Caption-style text data:
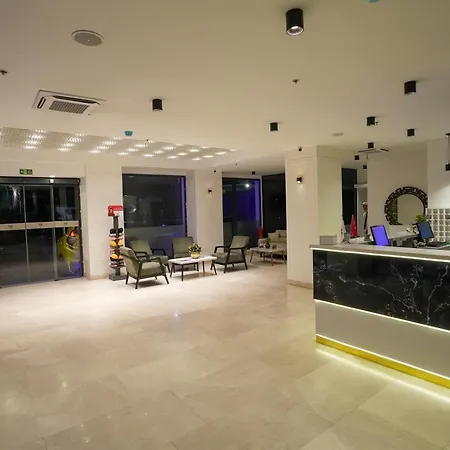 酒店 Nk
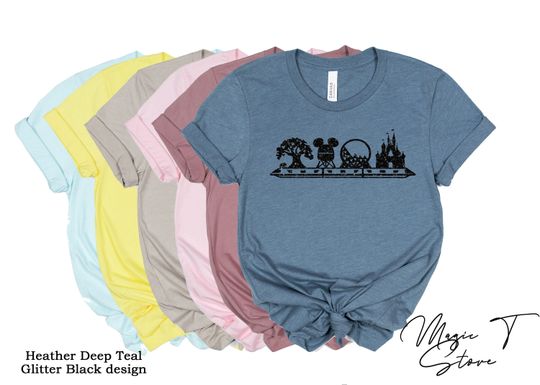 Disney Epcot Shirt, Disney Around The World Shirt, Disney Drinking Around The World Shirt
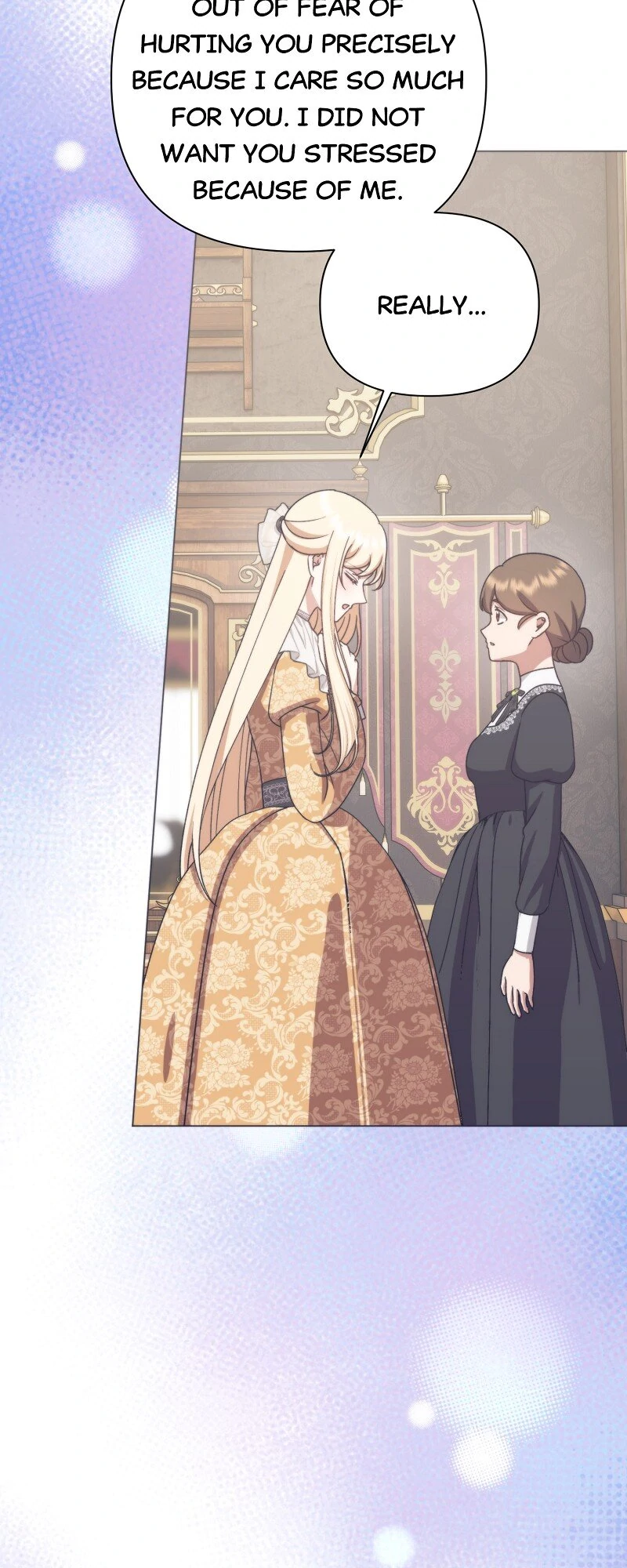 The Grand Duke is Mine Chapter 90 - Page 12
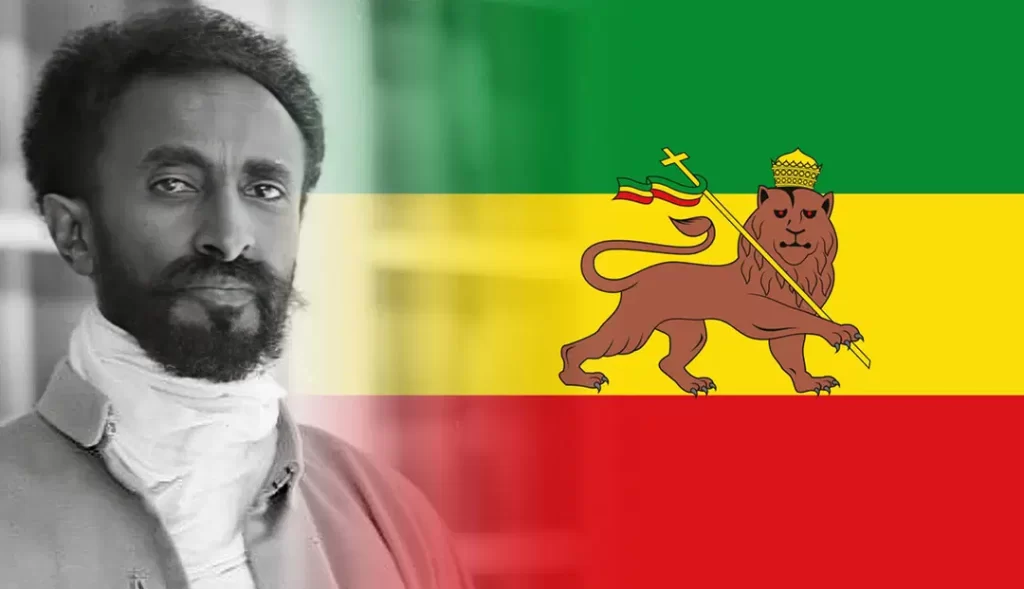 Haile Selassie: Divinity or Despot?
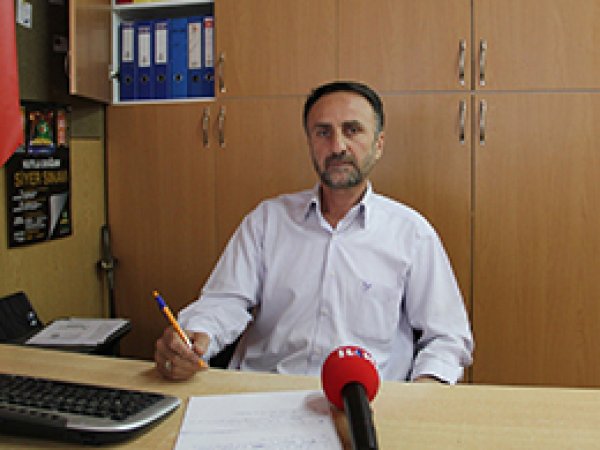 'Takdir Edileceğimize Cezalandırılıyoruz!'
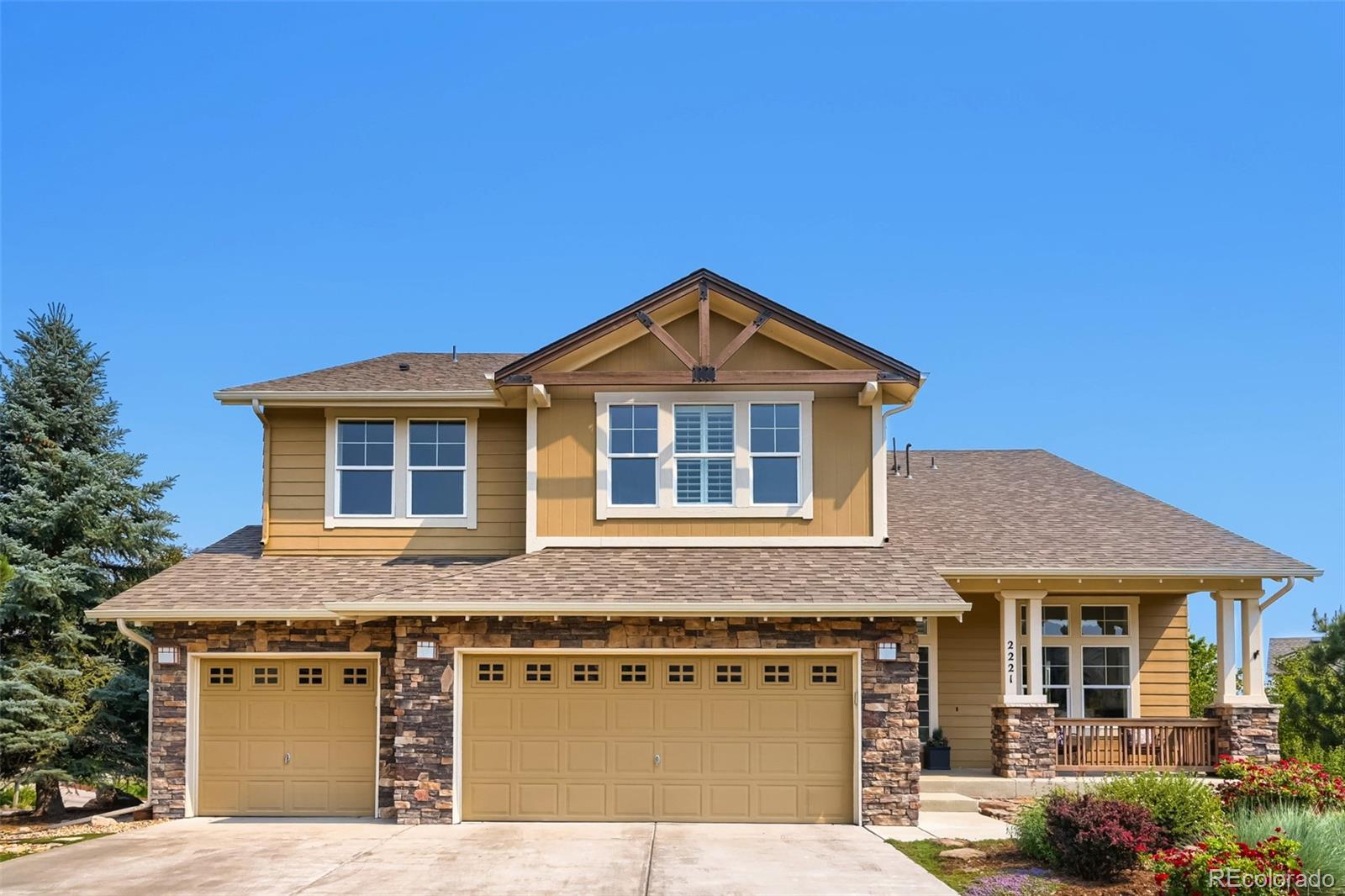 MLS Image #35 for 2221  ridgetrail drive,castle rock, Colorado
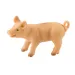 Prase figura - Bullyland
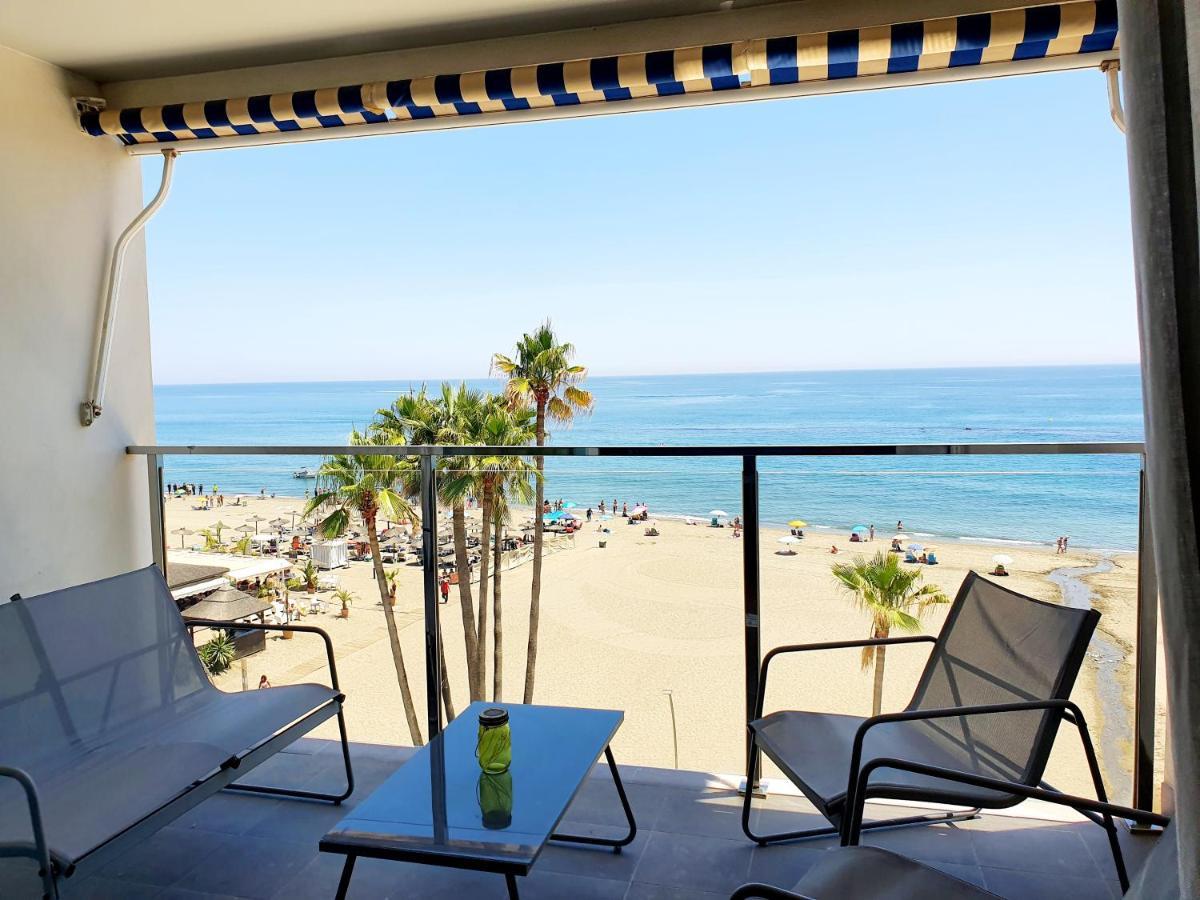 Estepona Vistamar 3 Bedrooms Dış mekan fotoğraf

## TASK OBJECTIVE
Carry over each record above character for character, with the pictures left out.

## RESULT OF THE EXERCISE
 酒店 Nk
 Disney Epcot Shirt, Disney Around The World Shirt, Disney Drinking Around The World Shirt
 The Grand Duke is Mine Chapter 90 - Page 12
 Haile Selassie: Divinity or Despot?
 'Takdir Edileceğimize Cezalandırılıyoruz!'
 MLS Image #35 for 2221  ridgetrail drive,castle rock, Colorado
 Prase figura - Bullyland
 Estepona Vistamar 3 Bedrooms Dış mekan fotoğraf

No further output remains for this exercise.